__Information shown__.
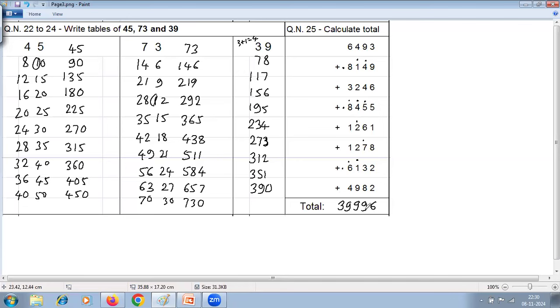That completes the first 25 questions — the first half of the question paper. In the next session, we will solve the remaining 25 questions of this sample paper. Thank you.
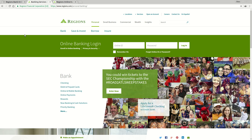So you're going to come back to Regions.com and now you're going to enter the online ID and the password that you just created, and you're going to click the Login button to take you into your accounts immediately.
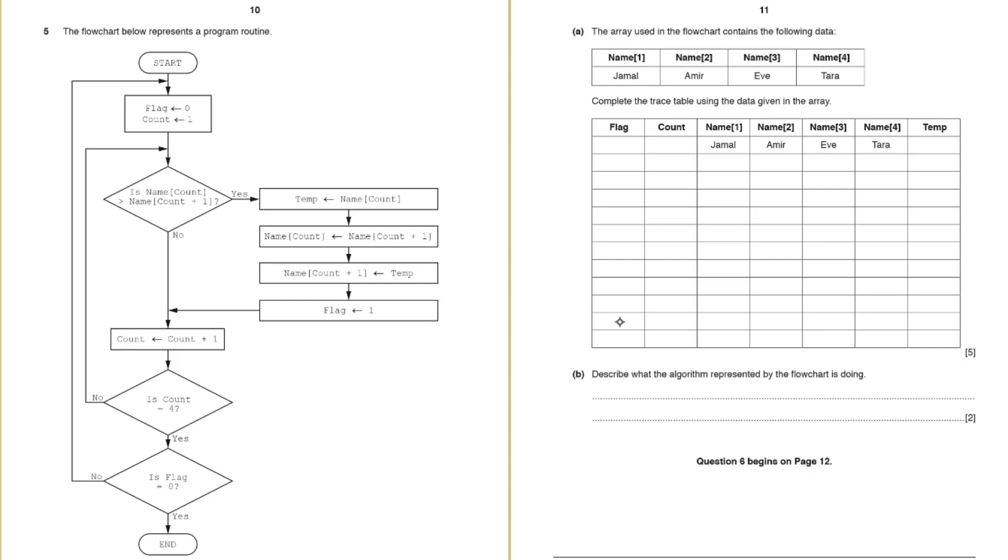Okay so flag is 0, count is 1. Let's go to our trace table and flag 0, count is 1.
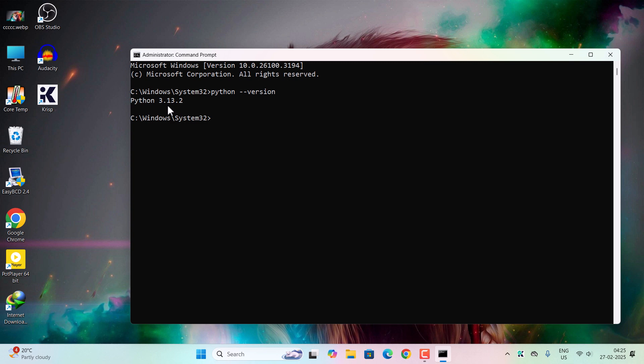Now we have to see the version of pip installed in our computer. Pip helps in installing the Jupyter Notebook. So type 'pip space double hyphen then version' and hit enter.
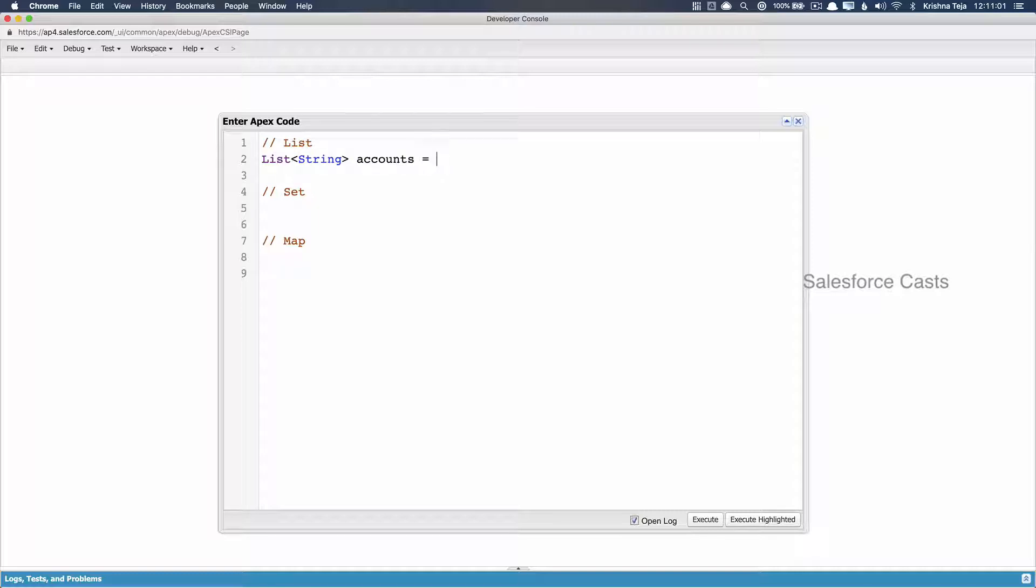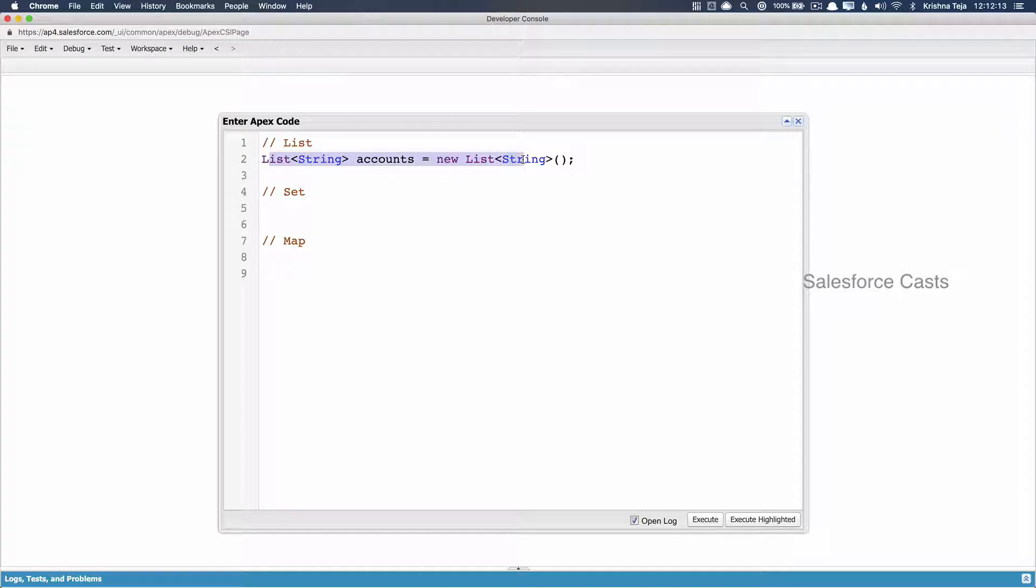Followed by this, we need to make use of the new keyword and then list. Since it is string type of data that we'll be storing in the variable, that should be new list of string. And finally, followed by that, I need to put parentheses and semicolon. So this is how we create a list type of variable.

__Exercise aim__. Set down again, exactly, the lines of the material above from its first line to the one with "Now we have", inclusive. Leave the pictures out.

__Solution for this problem__.
That completes the first 25 questions — the first half of the question paper. In the next session, we will solve the remaining 25 questions of this sample paper. Thank you.
So you're going to come back to Regions.com and now you're going to enter the online ID and the password that you just created, and you're going to click the Login button to take you into your accounts immediately.
Okay so flag is 0, count is 1. Let's go to our trace table and flag 0, count is 1.
Now we have to see the version of pip installed in our computer. Pip helps in installing the Jupyter Notebook. So type 'pip space double hyphen then version' and hit enter.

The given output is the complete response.